What you return must match the data below exactly, minus any pictures.

**** DATA EXCERPT

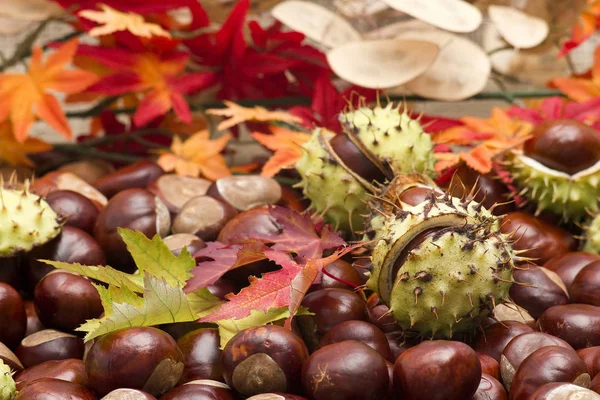 Castanhas Folhas Outono — Fotografia de Stock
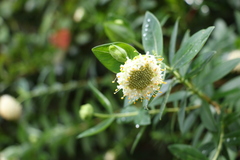 Pimelea ligustrina ligustrina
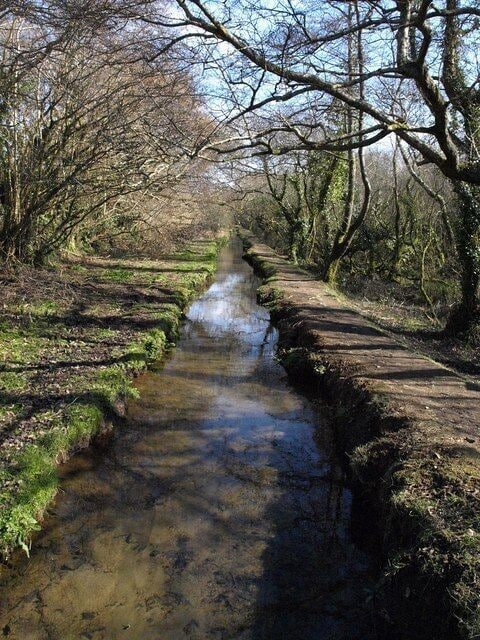 Drain, Treesmill Valley. Looking upstream from 1756567 along the drain, with bridleway 425/6/2 running along the edge, and wet woodland to the right.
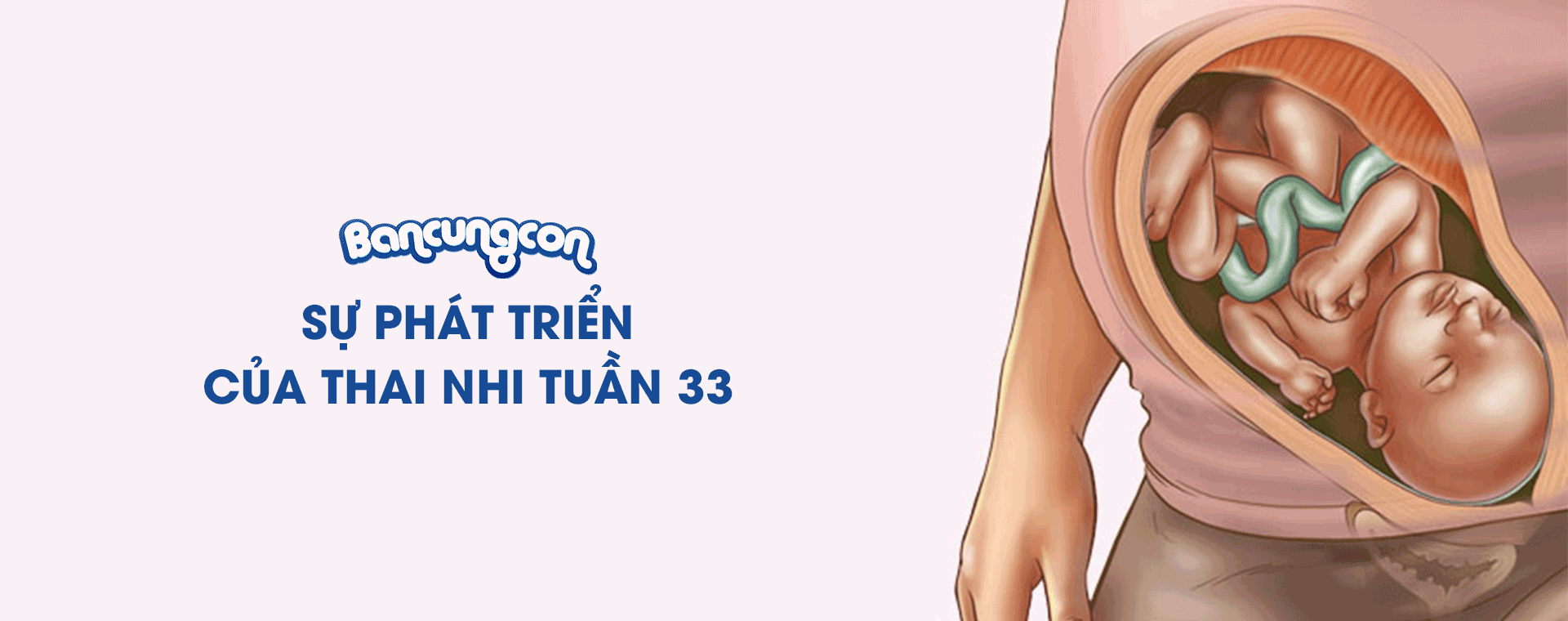 Sự Phát Triển Của Thai Nhi Tuần 33 - Những Điều Cần Biết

********

EXERCISE ANSWER:
 Castanhas Folhas Outono — Fotografia de Stock
 Pimelea ligustrina ligustrina
 Drain, Treesmill Valley. Looking upstream from 1756567 along the drain, with bridleway 425/6/2 running along the edge, and wet woodland to the right.
 Sự Phát Triển Của Thai Nhi Tuần 33 - Những Điều Cần Biết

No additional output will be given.